Re: iSCSI Abort Task and WRITE PENDING

Konstantin Shelekhin <k.shelekhin@xxxxxxxxx> · Mon, 18 Oct 2021 14:56:44 +0300

On Thu, Oct 14, 2021 at 10:18:13PM -0500, michael.christie@xxxxxxxxxx wrote:
> > If I understand this aproach correctly, it fixes the deadlock, but the
> > connection reinstatement will still happen, because WRITE_10 won't be
> > aborted and the connection will go down after the timeout.> 
> > IMO it's not ideal either, since now iSCSI will have a 50% chance to
> > have the connection (meaning SCSI session) killed on arbitrary ABOR
> 
> I wouldn't call this an arbitrary abort. It's indicating a problem.
> When do you see this? Why do we need to fix it per cmd? Are you hitting
> the big command short timeout issue? Driver/fw bug?
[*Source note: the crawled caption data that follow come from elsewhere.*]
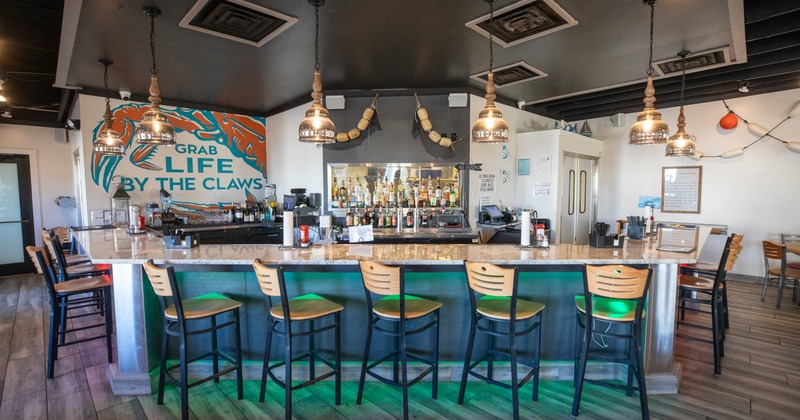 Interior, bar, chairs, sign on the wall behind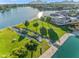 Aerial view of water feature flowing into lake with landscaped shoreline and nearby residences at 8429 E Del Camino Dr, Scottsdale, AZ 85258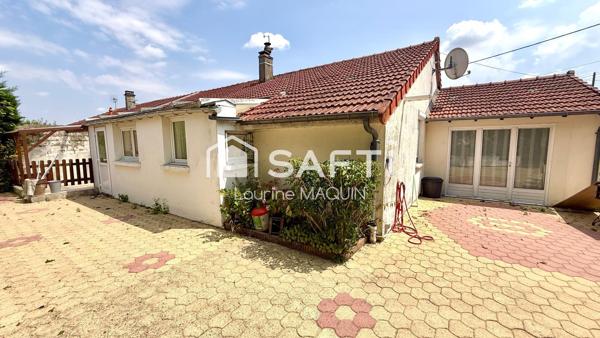 Maison plain pied disposant de trois chambres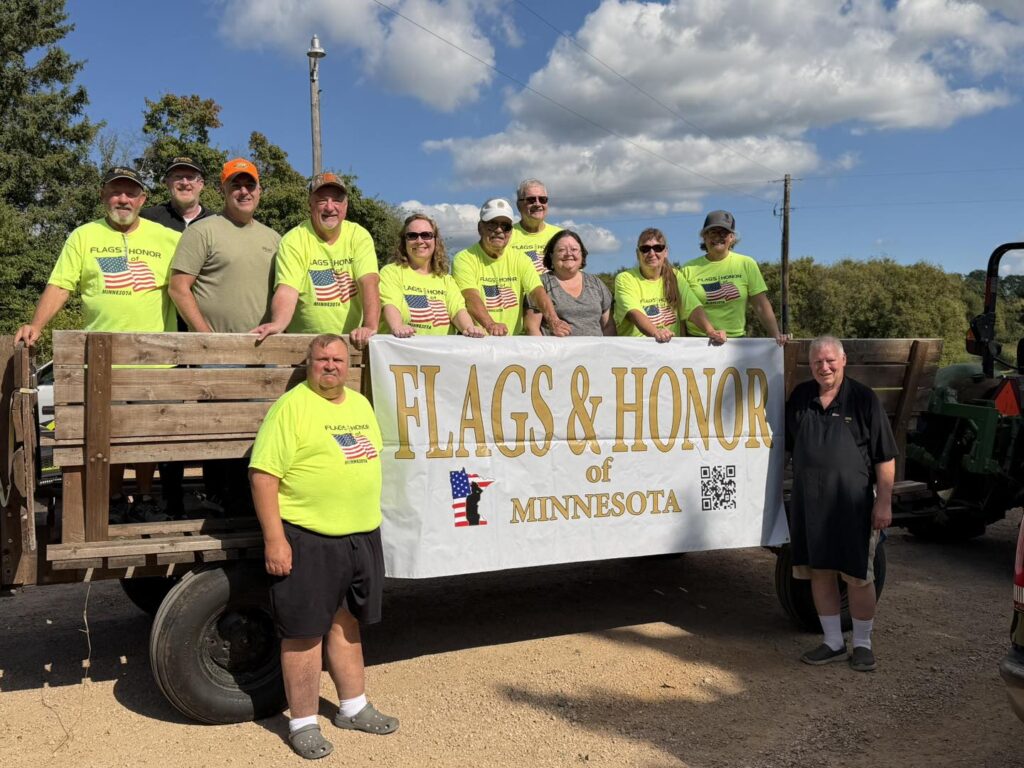 Flags & Honor of Minnesota volunteer members gather behind the organization's banner during a community event.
It was triggered by ESXi. During some heavy IOPS intervals the backend
device cannot handle the load and some IOs get stuck for more than 30
seconds. I suspect that ABORT TASKSs are issued by the virtual machines.
So a series of ABORT TASK will come, and the unlucky one will hit the
issue.

> > TASK. While I'm sure most initiators will be able to recover from this
> > event, such drastic measures will certanly cause a lot of confusion for
> > people who are not familiar with TCM internals
> How will this cause confusion vs the case where the cmd reaches the target
> and we are waiting for it on the backend? In both cases, the initiator sends
> an abort, it times out, the initiator or target drop the connection, we
> relogin. Every initiator handles this.

Because usually (when a WRITE request is past the WRITE PENDING state)
the ABORT TASK does not trigger relogin. In my experience the initiator
just waits for the TMR completion and goes on.
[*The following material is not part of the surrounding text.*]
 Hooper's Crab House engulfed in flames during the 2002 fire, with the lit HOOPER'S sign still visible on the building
And from a blackbox perspective it looks suspicious:

  1. ABORT TASK sent to WRITE_10 tag 0x1; waits for it's completion
  2. ABORT TASK sent to WRITE_10 tag 0x2; almost immediately the connection is dropped

The only difference between #1 and #2 is that the command 0x1 is past
the WRITE PENDING state.

> With that said I am in favor of you fixing the code so we can cleanup
> a partially sent cmd if it can be done sanely.
> 
> I personally would just leave the current behavior and fix the deadlock
> because:
> 
> 1. When I see this happening it's normally the network so we have to blow
> away the group of commands and we end up dropping the connection one way
> or another. I don't see the big command short timeout case often anymore.
> 
> 2. Initiators just did not implement this right. I know this for sure
> for open-iscsi at least. I started to fix my screw ups the other day but it
> ends up breaking the targets.
> 
> For example,
> 
> - If we've sent a R2T and the initiator has sent a LUN RESET, what are
> you going to have the target do? Send the response right away?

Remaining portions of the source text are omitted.